Exercise description → Exactly as they appear below, repeat the lines from the one with "VW zeigt auf" through the one with "10706 Alta Sierra Dr, Grass Valley, CA 95949". Drop every picture.
Information provided: Begin
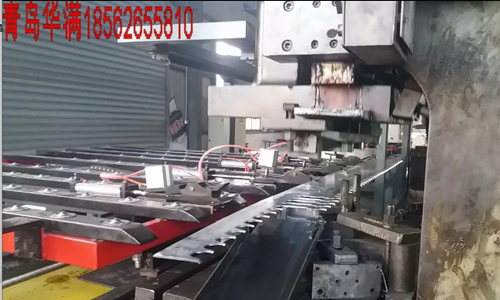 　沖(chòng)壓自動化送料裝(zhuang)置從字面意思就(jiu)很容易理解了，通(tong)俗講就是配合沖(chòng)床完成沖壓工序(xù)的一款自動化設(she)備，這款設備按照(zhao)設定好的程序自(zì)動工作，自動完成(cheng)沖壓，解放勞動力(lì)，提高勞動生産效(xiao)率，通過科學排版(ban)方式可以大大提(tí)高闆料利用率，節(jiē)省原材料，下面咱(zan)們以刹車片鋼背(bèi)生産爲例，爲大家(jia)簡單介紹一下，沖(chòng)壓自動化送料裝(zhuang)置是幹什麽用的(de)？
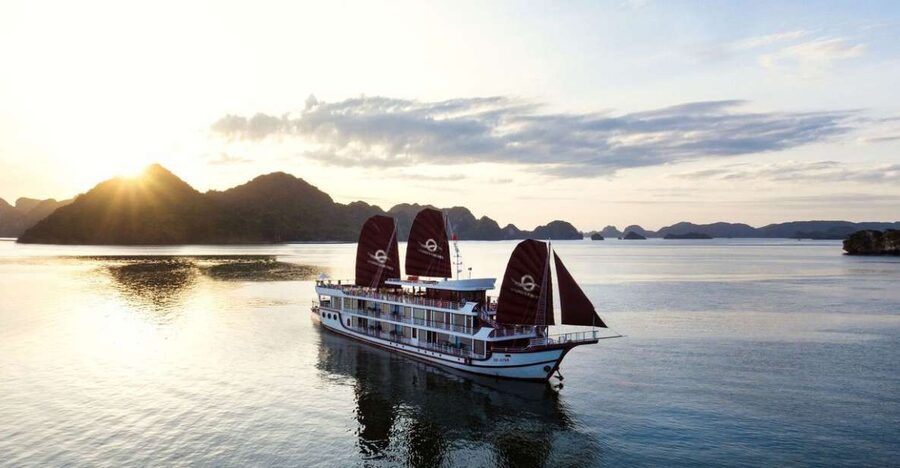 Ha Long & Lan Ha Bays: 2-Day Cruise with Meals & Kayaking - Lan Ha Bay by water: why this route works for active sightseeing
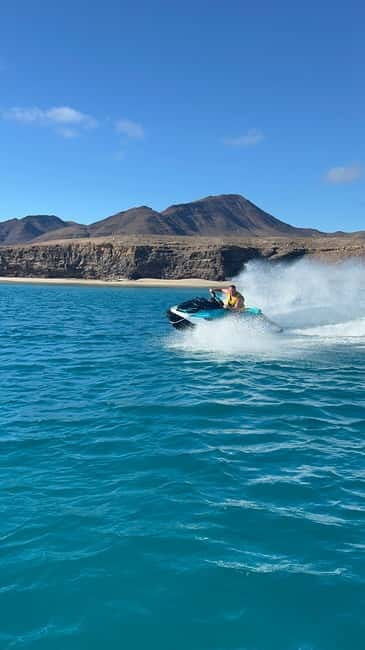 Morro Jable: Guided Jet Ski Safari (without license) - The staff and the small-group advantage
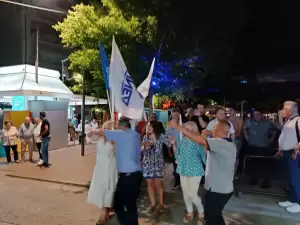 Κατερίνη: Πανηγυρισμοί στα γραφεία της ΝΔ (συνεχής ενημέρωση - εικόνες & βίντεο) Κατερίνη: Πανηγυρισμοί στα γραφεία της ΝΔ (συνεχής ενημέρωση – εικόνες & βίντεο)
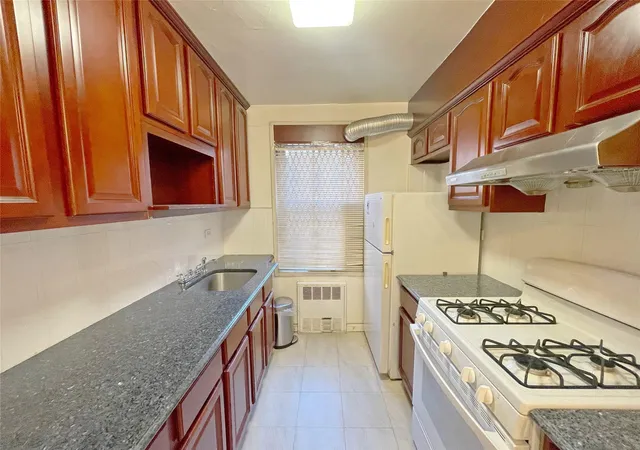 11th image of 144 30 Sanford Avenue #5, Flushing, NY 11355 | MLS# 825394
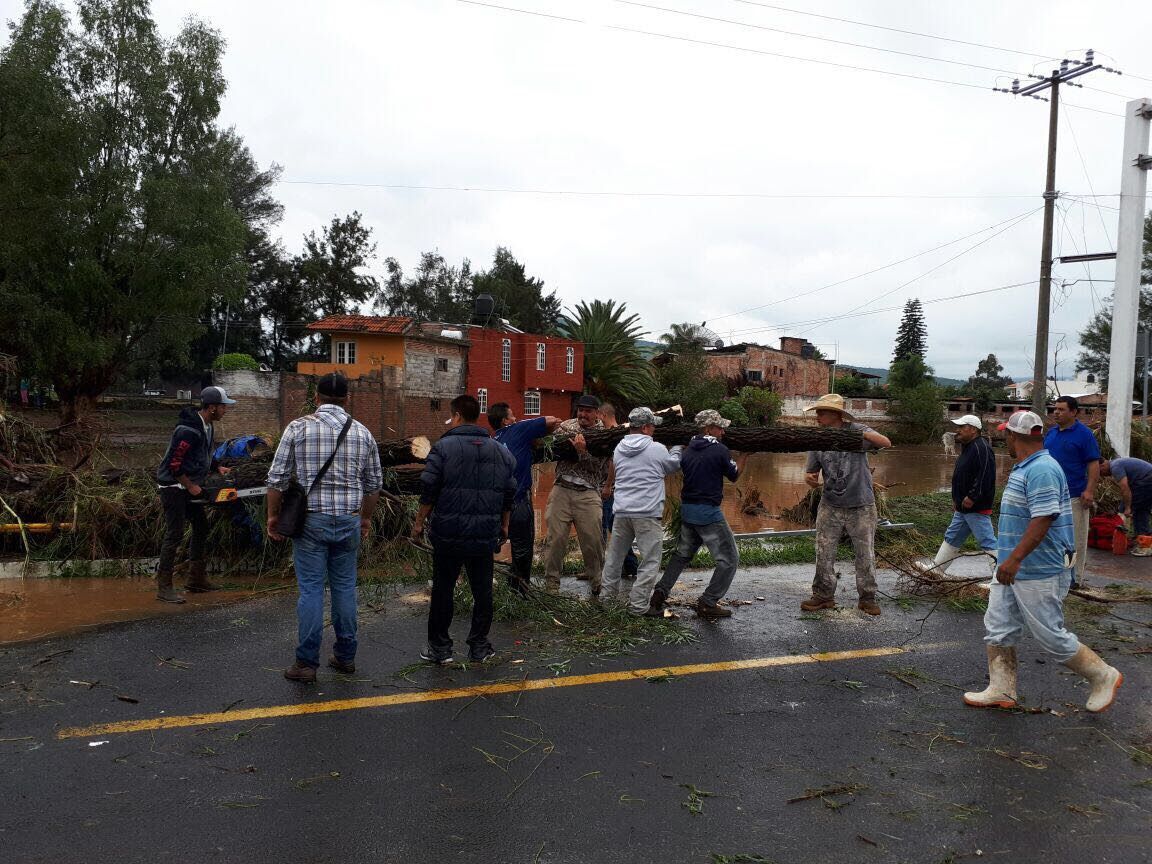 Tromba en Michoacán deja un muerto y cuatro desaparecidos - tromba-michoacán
Information provided: End
Information provided: Begin
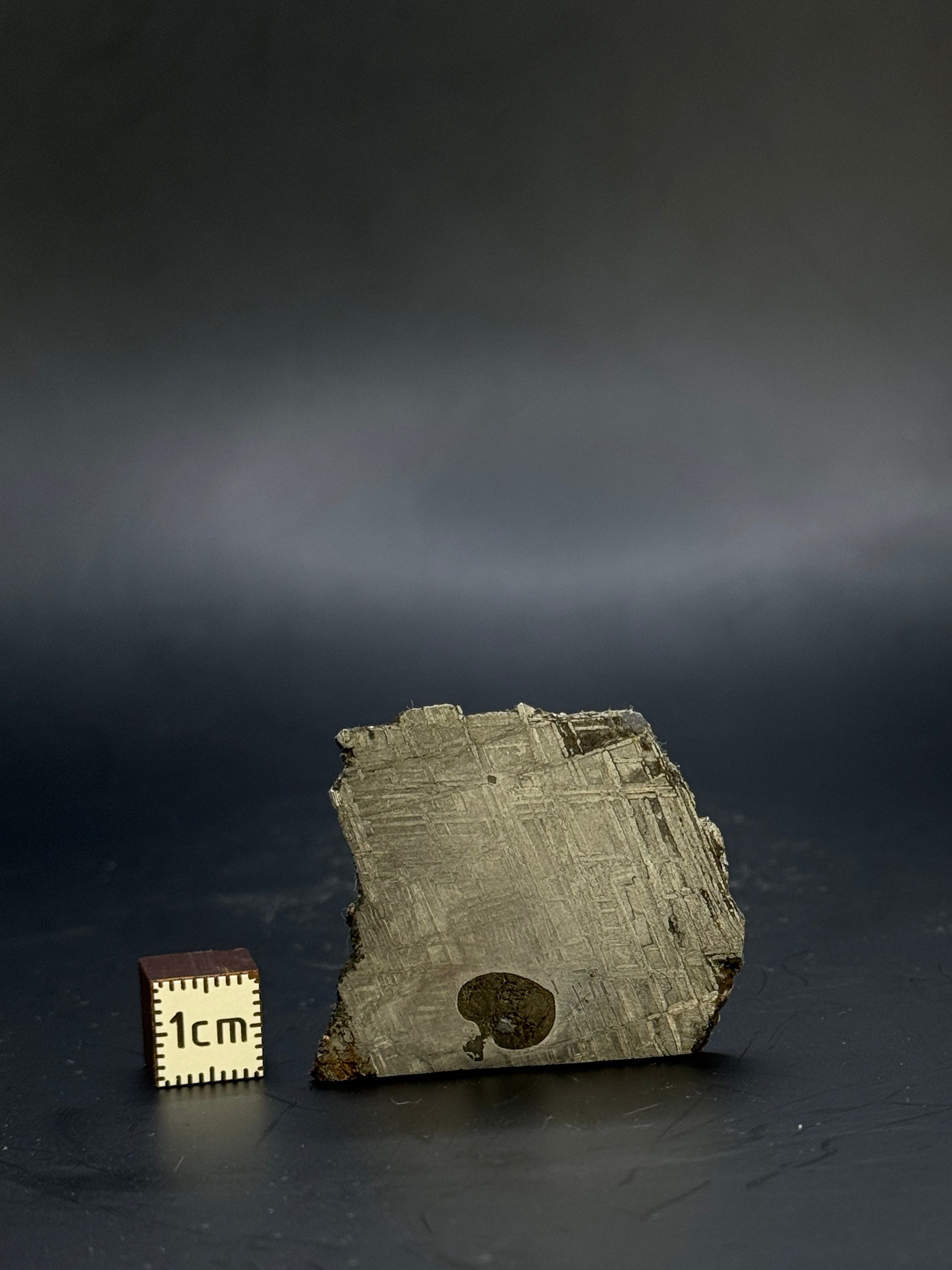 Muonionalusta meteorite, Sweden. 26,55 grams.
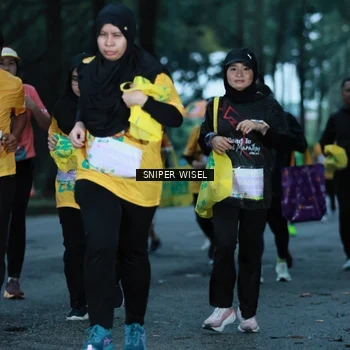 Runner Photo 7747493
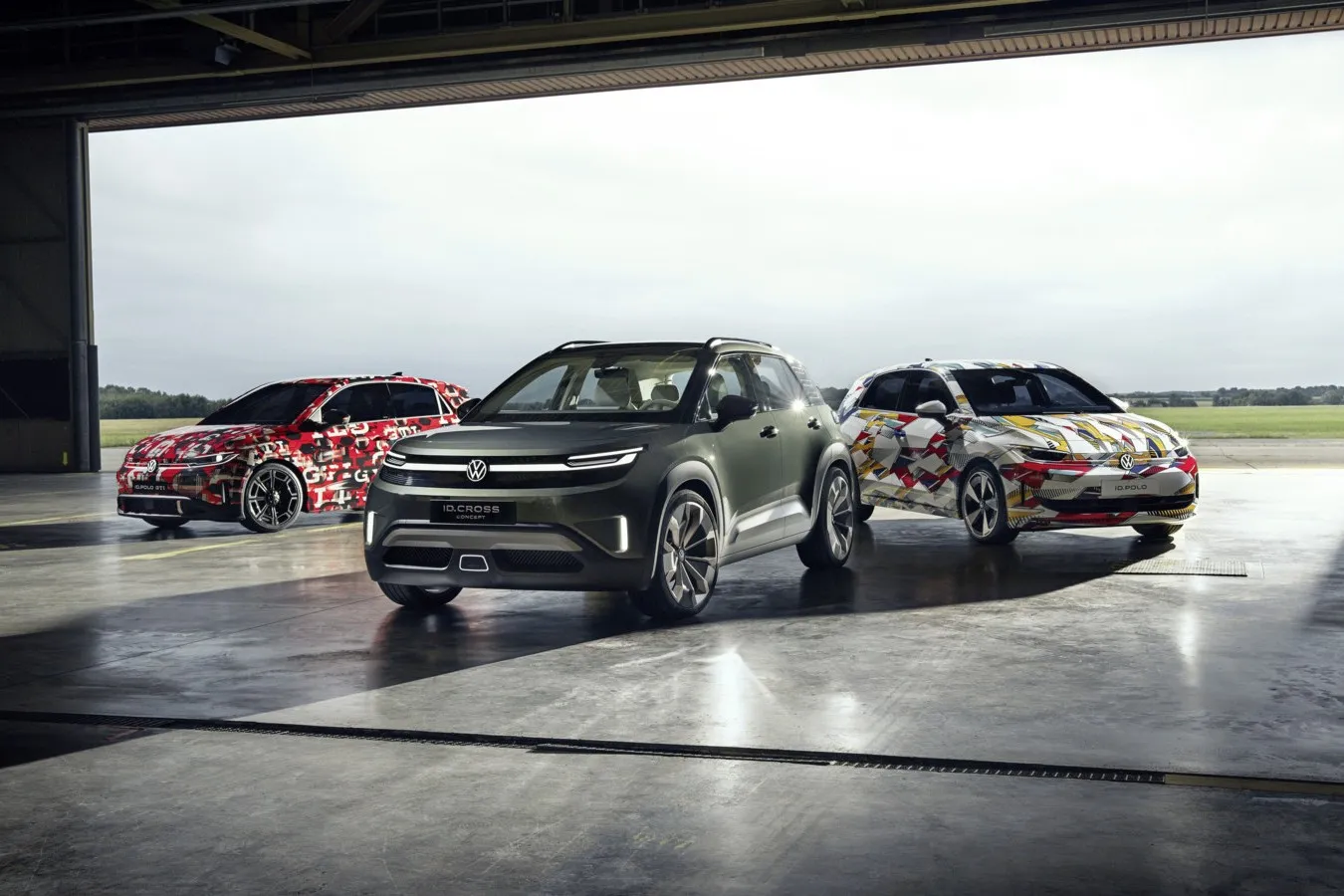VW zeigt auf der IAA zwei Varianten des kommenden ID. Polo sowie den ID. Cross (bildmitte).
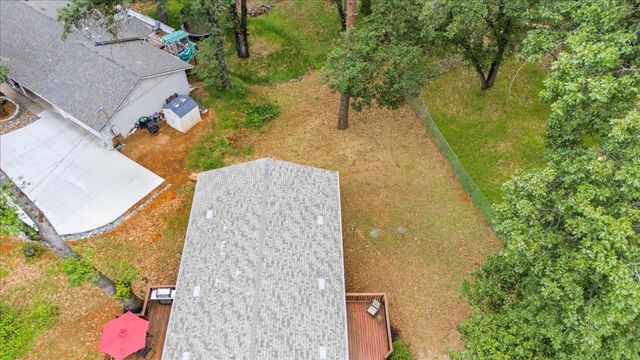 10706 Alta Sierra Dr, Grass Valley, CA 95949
Information provided: End
Output →
VW zeigt auf der IAA zwei Varianten des kommenden ID. Polo sowie den ID. Cross (bildmitte).
 10706 Alta Sierra Dr, Grass Valley, CA 95949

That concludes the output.